“New ‘Active Shares’ Let You Influence the Price of Your Stocks”

By Travis Johnson, Stock Gumshoe, October 21, 2010

That headline came across my desk on a tease from Marc Lichtenfeld, who I’ve certainly covered in the past — but this time, he’s teasing a brand new advisory called The Activist Trader that apparently hasn’t even started publishing yet.

So in case you’re tempted to become one of his guinea pigs, let’s look and see what it is he’s touting, shall we?

This “Active shares” concept is relatively reasonable — by “relative,” I mean in comparison to the other kinds of invented terms and misleading titles given to many other newsletter investing strategies in order to confuse, titillate or entice (ie, Scandinavian Income Certificates, Mainz Income, MicroQuakes, etc, to name just a few recent ones).

I’ll spare you some of the detail, but essentially Lichtenfeld says that most people buy a stock and just have to pray that it goes up eventually — whereas he has a strategy to influence the stock and effectively force it to go up. That’s a simplification, but it becomes clear that what he’s teasing by “Active shares” is investing in stocks that are facing pressure from activist investors.

Activist investors are often hedge funds, though certainly plenty of institutional-size investors and mutual funds have activist tendencies, too — these are the folks who you often hear about as investing celebrities, like Bill Ackman or Carl Icahn, the investors who see an opportunity for a company to do something that makes their shares more valuable (sell assets, pay a dividend, buy back shares, merge, etc.), and buy up enough stock to get the company’s attention, then push management to move in their direction — that sometimes means actual activist proxy battles where a political campaign is run to find the will of the shareholders, but more often just means that the activist presses for a board seat to get more representation, or uses public or private pressure or friendlier “encouragement” to share their expertise and urge the company to do something shareholder-friendly.

There are a lot of newsletters that follow insider buying trends, and try to recommend stocks where patterns of insider buying indicate that the stock is likely to go up (based, in part, on a few academic studies that indicate that concerted C-suite buying — CEO, CFO, etc. — tends to lead to stocks that outperform 6-18 months or so after the buying). But I’m not aware of many newsletters that focus specifically on just following these kinds of activist investors, so this might be an interesting one to watch.

Here’s an example of what Lichtenfeld is teasing to back up his strategy of “active” investing:

“Watching your favorite stock steadily decline is never fun.

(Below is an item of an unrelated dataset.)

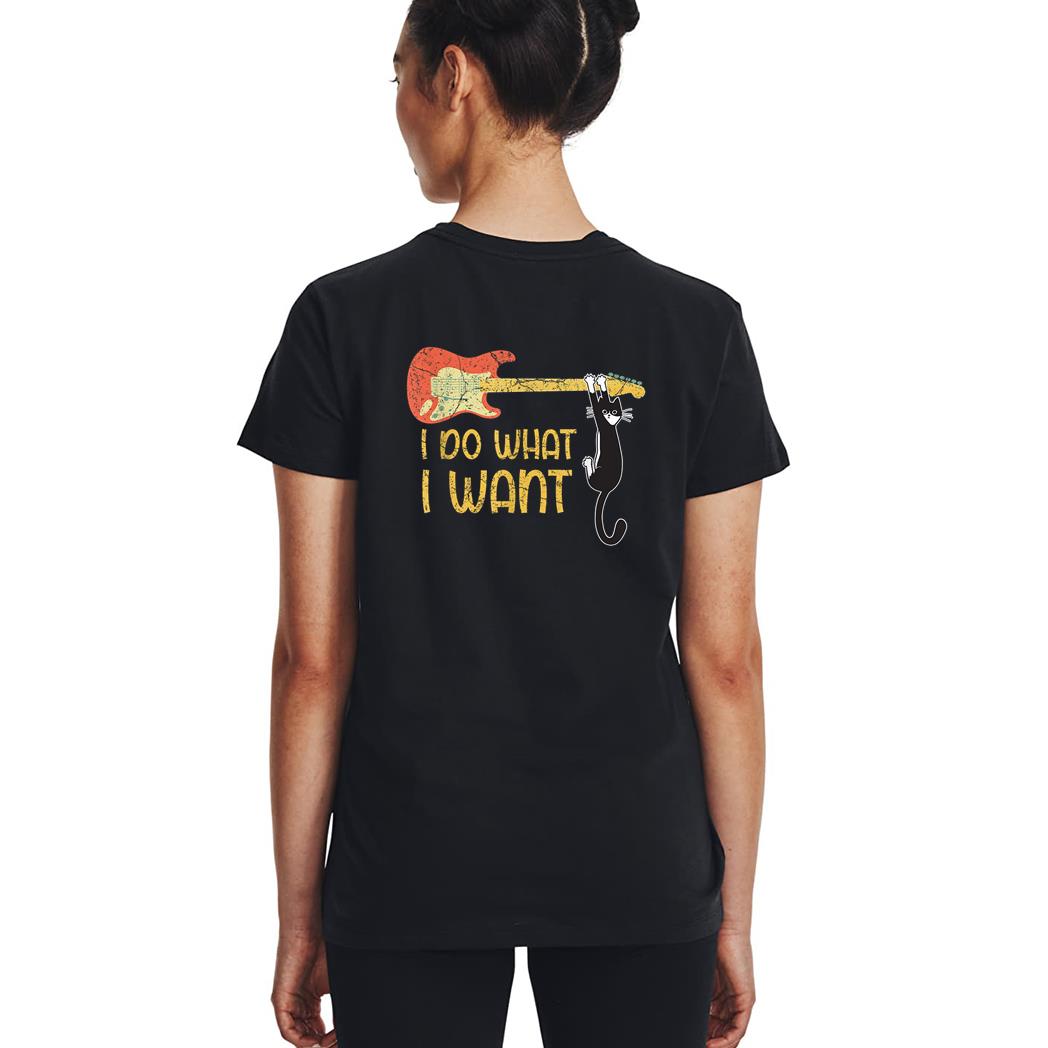 Vintage Guitar and Cat Lover Men Women I do what i want Cat Woman T-Shirt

“But with ‘Active Shares,’ you don’t have to worry about that problem… Because you could actually have a say in where the share price is headed.

“For example…

“Barron’s recently profiled a group of people that bought ‘Active Shares’ in Toreador Resources during 2009.

“These people weren’t happy with their share price of just over $2 so they demanded that the company increase the value of their shares.

“As Barron’s puts it: ‘It took only eight days’ and they ‘got everything they wanted.’

“Their Active Shares in Toreador then went up like a rocket ship from just $2.11 to $7.25.

“If you have the old-fashioned view that making money in stocks means buying and passively hoping they go up… well, this definitely isn’t for you.

“On the other hand, if you want control over where your stocks are headed, then ‘Active Shares’ might be just what you’ve been waiting for.”

So, manipulative language aside, what could go wrong, right? Well, that Barron’s article about Toreador is here if you’re interested — but it’s worth noting that although activists often move the share price up, they don’t often get everything they want and they rarely influence companies quite that quickly.

The basic tool for tracking activist shareholders is the 13D filing, which any shareholder is required to file ten days after they reach the 5% ownership threshold — that’s not to say that you can’t be an activist with less than 5% in some cases, but you don’t have nearly as much leverage if you’re not one of the larger shareholders. Sometimes 13D filings are quite specific, and the law says that investors have to disclose details if they have a specific plan in mind, such as getting a board seat or advocating a merger, but big shareholders can often file a 13G instead, with less detail, if they’re passive investors, and many 13D filings don’t result in any particular “activism” either, you’ll often see reports about 13D filings where the investor “reserves the right” to pursue some activist strategy in the future but discloses no specific plans.

And, as you might expect, Lichtenfeld has one recommendation to tease for us today — after all, what’s a come-on with out a specific idea that helps you imagine the payoff?

Here’s the tease from the ad, about a specific activist investor that he’s tracking:

“For example, according to a recent Barron’s profile, and confirmed by my research, he’s only closed out one loss in his last 22 target stocks.

“And out of those 22 stocks, this brilliant investor has averaged a 41% gain on each.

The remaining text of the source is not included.